The capstone to an excellent NCCI AIS was provided by WCRI Exec Dir Dr. Rick Victor and his counterpart at CWCI, Alex Swedlow.
Rick led off with my LEAST favorite topic – physician dispensing of drugs to work comp claimants. The usually-very-circumspect Dr Victor said that “the evidence is pretty clear in terms of costs and likely benefits of physician dispensing.”
All the evidence indicates:
- physician dispensing is common in big states
- prices are higher than for the same drugs in retail pharmacies
- even after reforms, prices are about 30% higher
- docs write scripts for OTC meds when they dispense those meds
- dispensing docs prescribe unnecessary opioids
- the price focused reforms – eliminating the upcharge for repackaged drugs – will not deliver long term results.
As great as it was to see Dr Victor and NCCI focus so much time on an issue that I’ve been harping on/screaming about for about 8 years, I – as undoubtedly you – are sick to death of this subject. It’s time to kill the beast – ban physician dispensing and docs profiting from dispensing.
CWCI’s Alex Swedlow jumped full force into a quick review of utilization review in California.
The key takeaway is the decline in medical trend observed recently – which is leading to a reduction in rates – is very good news indeed.
Pharmacy is the fastest growing component of California’s work comp medical expense, now totaling 13.2% measured at 24 months maturity, or $1.2 billion. This despite two fee schedule reforms, implementation of chronic pain guidelines, and shortly opioid-specific guidelines and perhaps a formulary via legislation now under consideration.
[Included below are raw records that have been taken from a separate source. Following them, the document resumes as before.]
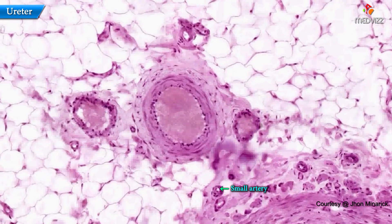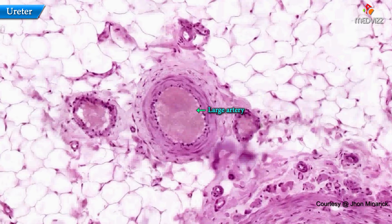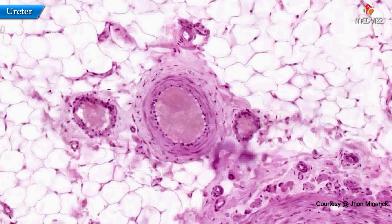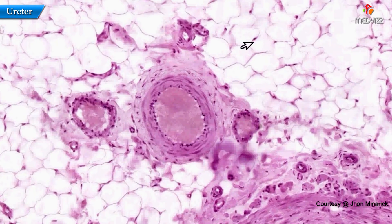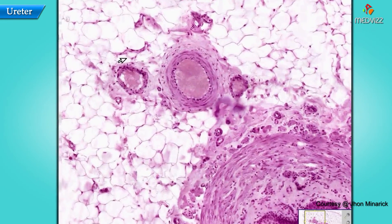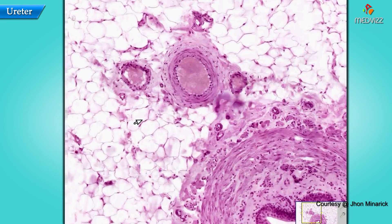Here's a small artery, and here is the wall of a large artery. And here is the fat or loose connective tissue pretty much surrounding everything — this is retroperitoneal fat. No need to waste our time anymore on the ureter.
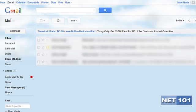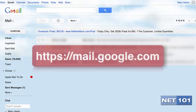Remember, you can also access Gmail using a web browser directly through your Google account and don't necessarily have to have email software or a mobile device. Just go to mail.google.com and log in if you have not done so already.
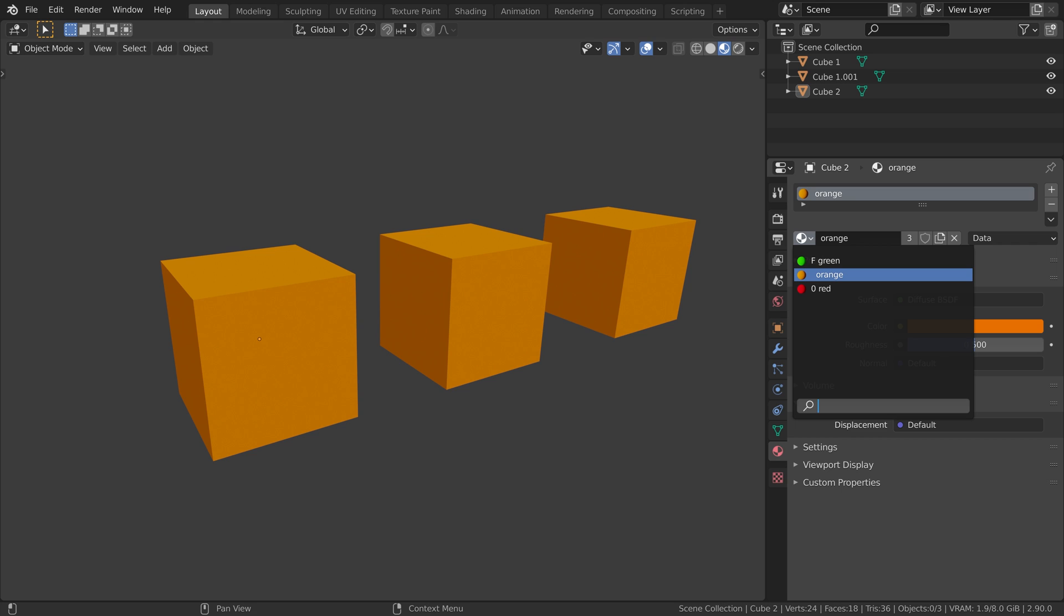The orange material has nothing next to its name, meaning it is assigned to at least one object. It will be saved with our scene. The red material has a zero next to its name, meaning it has no users. It will not be saved with our scene.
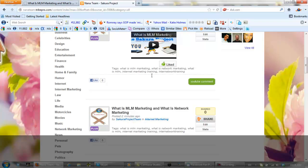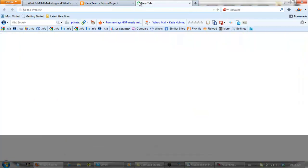Now I'm going to take it to the next step — I'm going to open up some more video sites that I use. Just give me a second and I'll be right back.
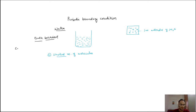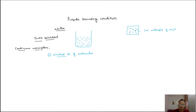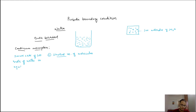There is something called the continuum assumption. What the continuum assumption states is that this small cell of 100 molecules of water is equivalent to bulk water. This is the assumption that we take — that our small simulation cell represents the bulk behavior.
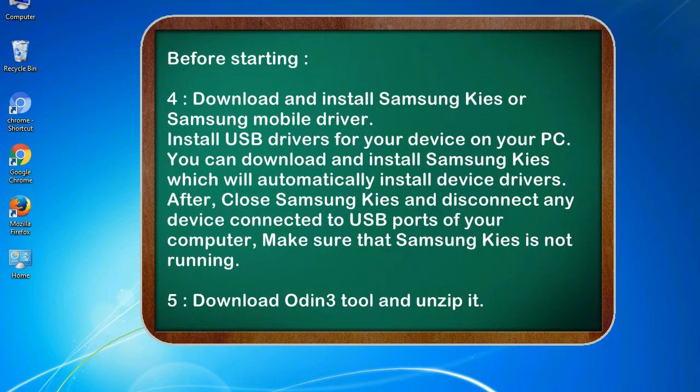4. Download and install Samsung KIES or Samsung mobile driver to install USB drivers for your device on your PC. You can download and install Samsung KIES which will automatically install device drivers. After that, close Samsung KIES and disconnect any device connected to USB ports of your computer — make sure that Samsung KIES is not running. 5. Download Odin 3 tool and unzip it.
Yet 45% of UR involves drugs, and 45% of medical reviews do as well.
BTW doc dispensed drugs account for over half of drug spend in the Golden State.
Despite all that effort 29% of pharmacy spend is for Schedule II and II drugs.
That’s just appalling.
Which led Alex to the key question – why is California’s WC medical so much harder to manage?
Alex’ take – a fundamental lack of shared risk – no supply/demand controls, no contractual language that limits care, and a dispute process that features very high levels of litigation.
Which leads to the Independent Medical Review (IMR) process – intended to speed dispute resolution while increasing consistency. CWCI has done quite a bit of research into this area, most of which is available on their website.
Briefly – 95% of ALL treatment requests are approved. There is NO wholesale denial of care occurring in California.
Despite what you may have heard, the IMR process is working pretty well.
CWCI’s research (on their website) indicated that the average audit score for timeliness etc was 97%. And, IMR isn’t nearly as cumbersome as some would like to portray.
Here’s the real data…
75% of requests for initial treatment are immediately approved.
77% of the 25% that aren’t approved initially are approved after going thru UR. – that equates to 94.1% of all treatment requests are approved initially or after UR.
91.4% of IMRs agreed with UR that the UR-denied treatment was in fact not consistent with evidence-based medical guidelines.
44.7% of services going to IMR were for drugs; those decisions were upheld 92% of the time. And a lot of the IMR challenges are coming from one area – Los Angeles. Similarly, the top 1% of docs generated 44% of the letters; only 10 docs were responsible for 11% of ALL IMRs.
What does this mean for you?
Drugs are a big problem, and a relatively few docs are the ones contributing to this problem.
The IMR process is working pretty well – and would be much better if a very few docs weren’t flooding the system.
An interesting question is what impact of IMR’s may have in altering the behavior, via the ‘sentinal’ effect. In other words, would the mix of proposed treatment change in the absence of the presence of a system that doctors are aware is in place, which will intercept improper asks, leading to fewer such requests.